Climate smart innovations to help farmers adapt to warmer and drier environments
A recently installed LeasyScan phenotyping platform, the first of its kind in CGIAR, will catalyze our plant breeding for drought adaptation as we are now able to measure leaf area quicker to automatically capture plant drought adaptation traits such as leaf development dynamics and leaf conductance. This will also help improve our crop modelling under various drought conditions, and speed up the development of improved drought-tolerant cultivars. The impact can be tremendous for example for Indian farmers growing post-rainy (rabi) sorghum on 5.7 million hectares.
Global warming will also have implications on the way farmers manage their crops. Our Center of Excellence on Climate Change Research for Plant Protection looks at the impact on insect/pest risks on chickpea and pigeonpea.
Promoting practices to diversify crops, for instance legume-cereal intercropping, is more likely to provide a sufficient and balanced diet for rural households in a variable climate. In Malawi, it was found that farmers practicing pigeonpea-maize intercropping were more food secure than those practicing maize monoculture.
Generating climate smart innovations such as the ones mentioned above are becoming crucial to ensure a better food security in the decades to come. It is also important to work with farmers to experiment with adaptation strategies such as crop diversity and conservation farming practices in twinned climate analogue locations.
We need a better understanding of the impact of climate change on crop production and food systems The Agricultural Model Intercomparison and Improvement Project AGMIP will help inform decision-makers of highly predictive scenarios for better adaptation policies at regional and local scale.
Rural poor in the semi-arid tropics will be worst hit by climate change
Global warming will most probably increase inequalities as the most vulnerable people have fewer resources to adapt. Droughts, heat waves and flash floods are more frequent and severely reduce grain harvests, putting even more pressure on rural households living in poverty, recurrent food insecurity and malnutrition. This is especially true in rural areas in developing countries where rainfed agriculture, highly vulnerable to extreme rain and temperature conditions, is the main livelihood option for many.

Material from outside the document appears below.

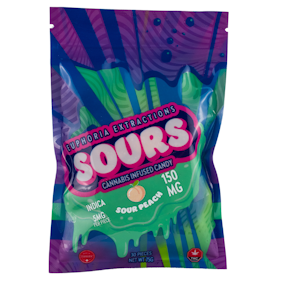 Euphoria Extracts - Sour Peach - Indica - 150mg - Euphoria Extracts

Climate change could also impact differently across gender. Custom in Senegal means that women’s fields are planted a month later than men’s, thereby exposing them to more risk when rains terminate earlier as observed in recent years.
Warming is expected to be greater in tropical regions where ICRISAT works and building climate resilience for the rural poor in the drylands is and will remain at the core of ICRISAT’s research strategy for the years to come.
I am convinced that these nutritious and hardy crops should and will play a greater role in ensuring our future food systems are more resilient. Let’s hope that millets, sorghum, and grain legumes will get more attention from research partners, governments and donors during the upcoming resilience conferences in Montpellier and Addis Ababa this month, helping to boost coping mechanisms for farmers facing the brewing storm.